----- Available data -----
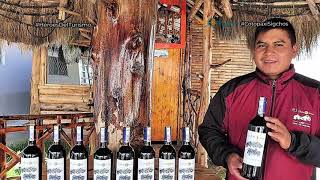 El Último Inca – Vinos Cotopaxi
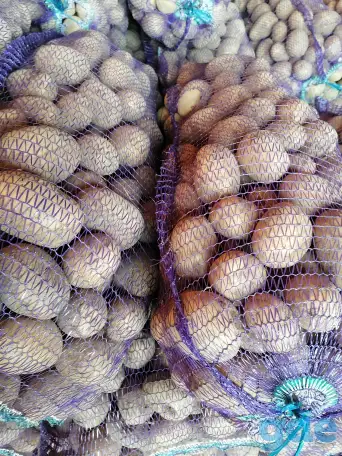 Продам картофель, фотография 2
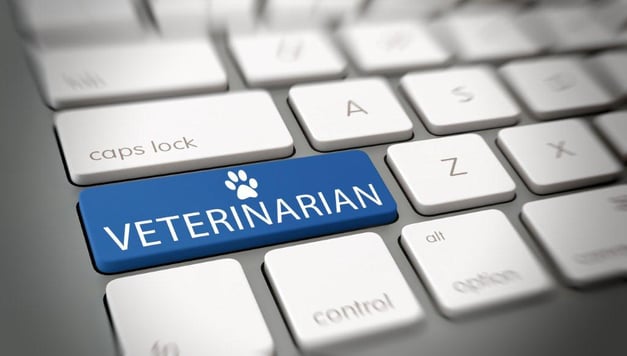 veterinarian-marketing.jpg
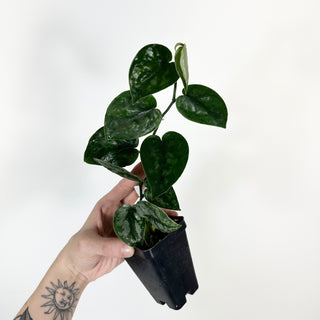 Z-5171 - Scindapsus pictus 'Black Mamba'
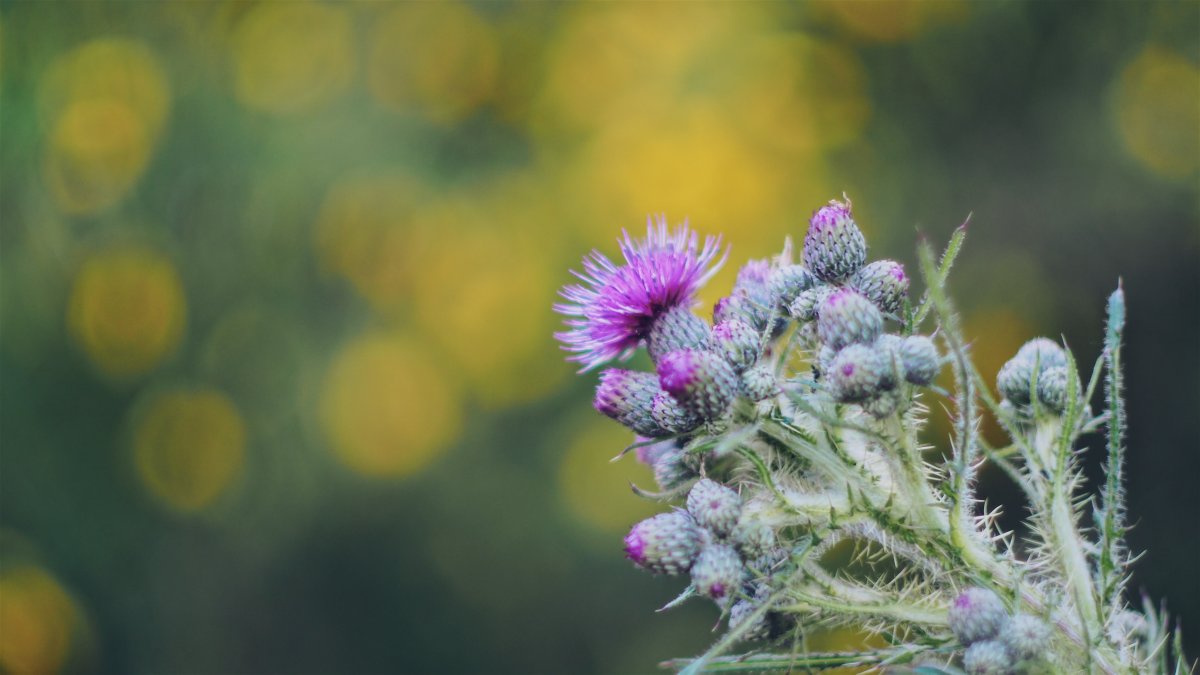 Чертополох на рассвете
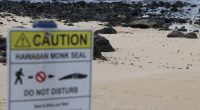 Unleashed dog encounters Hawaiian monk seal, owner cited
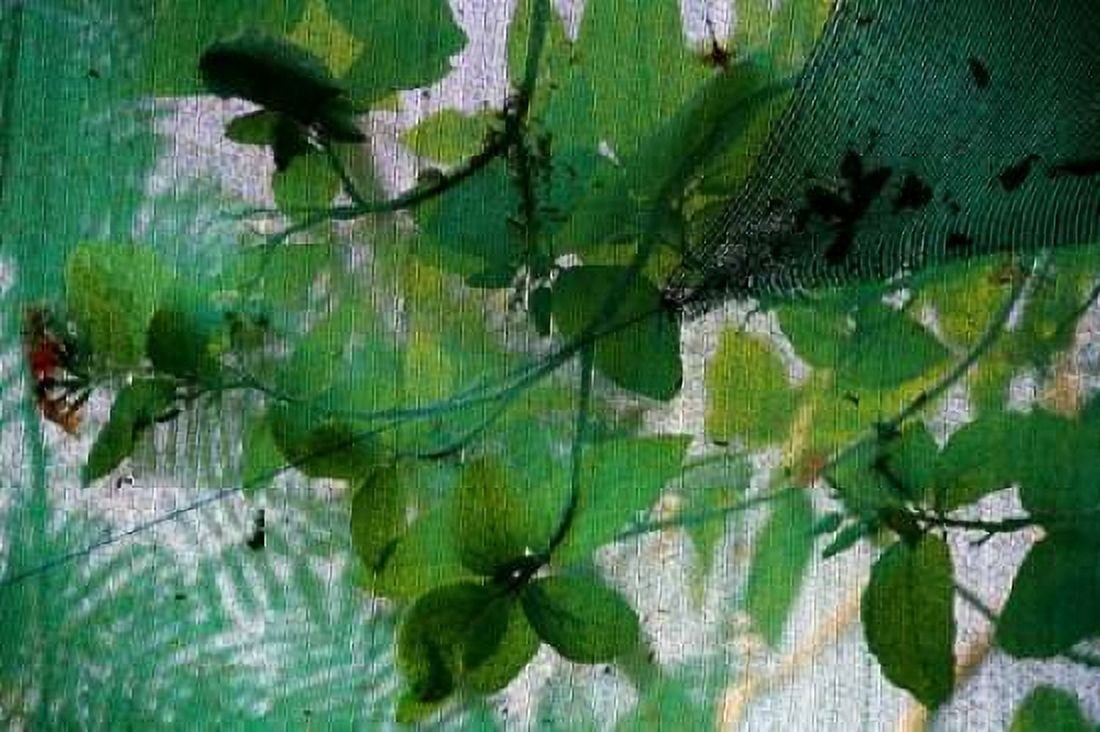 Fresh Green 2 Canvas Art - Michel Rauscher (20 x 28)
-----
• Task to carry out
The records above should be returned exactly, with only their pictures held back.

• Answer box
 El Último Inca – Vinos Cotopaxi
 Продам картофель, фотография 2
 veterinarian-marketing.jpg
 Z-5171 - Scindapsus pictus 'Black Mamba'
 Чертополох на рассвете
 Unleashed dog encounters Hawaiian monk seal, owner cited
 Fresh Green 2 Canvas Art - Michel Rauscher (20 x 28)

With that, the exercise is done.